## Task goal
All lines containing the string "Sleeve" must be copied from the entries.

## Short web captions
————————

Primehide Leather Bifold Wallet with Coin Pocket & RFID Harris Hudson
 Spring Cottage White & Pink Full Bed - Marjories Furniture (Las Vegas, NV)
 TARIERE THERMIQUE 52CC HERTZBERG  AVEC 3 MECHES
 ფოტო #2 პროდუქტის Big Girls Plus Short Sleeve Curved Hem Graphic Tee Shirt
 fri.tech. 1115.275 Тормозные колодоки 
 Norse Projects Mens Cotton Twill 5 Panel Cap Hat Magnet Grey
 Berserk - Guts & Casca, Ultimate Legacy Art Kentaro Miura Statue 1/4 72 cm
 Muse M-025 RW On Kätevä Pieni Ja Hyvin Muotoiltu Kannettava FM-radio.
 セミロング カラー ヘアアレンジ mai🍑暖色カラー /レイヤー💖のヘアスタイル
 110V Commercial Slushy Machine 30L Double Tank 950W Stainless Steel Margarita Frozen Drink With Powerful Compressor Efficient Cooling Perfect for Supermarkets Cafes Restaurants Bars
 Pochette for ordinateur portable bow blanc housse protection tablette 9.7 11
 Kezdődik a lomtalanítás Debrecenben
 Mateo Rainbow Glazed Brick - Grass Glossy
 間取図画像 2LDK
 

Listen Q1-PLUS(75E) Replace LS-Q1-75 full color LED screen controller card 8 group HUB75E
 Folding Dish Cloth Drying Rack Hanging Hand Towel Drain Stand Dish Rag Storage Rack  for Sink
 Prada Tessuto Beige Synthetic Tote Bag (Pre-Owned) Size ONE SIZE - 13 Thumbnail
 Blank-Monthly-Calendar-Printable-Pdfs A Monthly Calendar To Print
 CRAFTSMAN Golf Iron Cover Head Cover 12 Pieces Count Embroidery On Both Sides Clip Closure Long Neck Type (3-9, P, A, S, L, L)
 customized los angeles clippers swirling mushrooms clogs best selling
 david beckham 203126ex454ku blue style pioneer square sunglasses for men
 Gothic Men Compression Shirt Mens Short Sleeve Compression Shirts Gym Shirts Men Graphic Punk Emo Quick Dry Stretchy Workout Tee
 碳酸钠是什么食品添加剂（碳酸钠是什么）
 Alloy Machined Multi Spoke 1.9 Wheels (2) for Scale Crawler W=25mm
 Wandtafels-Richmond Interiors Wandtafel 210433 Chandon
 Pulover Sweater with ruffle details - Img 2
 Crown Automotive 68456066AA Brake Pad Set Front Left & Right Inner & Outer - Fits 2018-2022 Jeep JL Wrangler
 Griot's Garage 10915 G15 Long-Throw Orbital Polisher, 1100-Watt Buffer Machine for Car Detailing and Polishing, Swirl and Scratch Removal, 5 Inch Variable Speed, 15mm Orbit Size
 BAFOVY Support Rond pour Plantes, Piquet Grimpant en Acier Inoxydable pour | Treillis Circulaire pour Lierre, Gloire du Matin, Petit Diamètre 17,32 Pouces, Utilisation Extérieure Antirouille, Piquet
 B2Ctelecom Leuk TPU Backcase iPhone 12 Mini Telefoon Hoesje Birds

————————

## Result for this exercise
 ფოტო #2 პროდუქტის Big Girls Plus Short Sleeve Curved Hem Graphic Tee Shirt
 Gothic Men Compression Shirt Mens Short Sleeve Compression Shirts Gym Shirts Men Graphic Punk Emo Quick Dry Stretchy Workout Tee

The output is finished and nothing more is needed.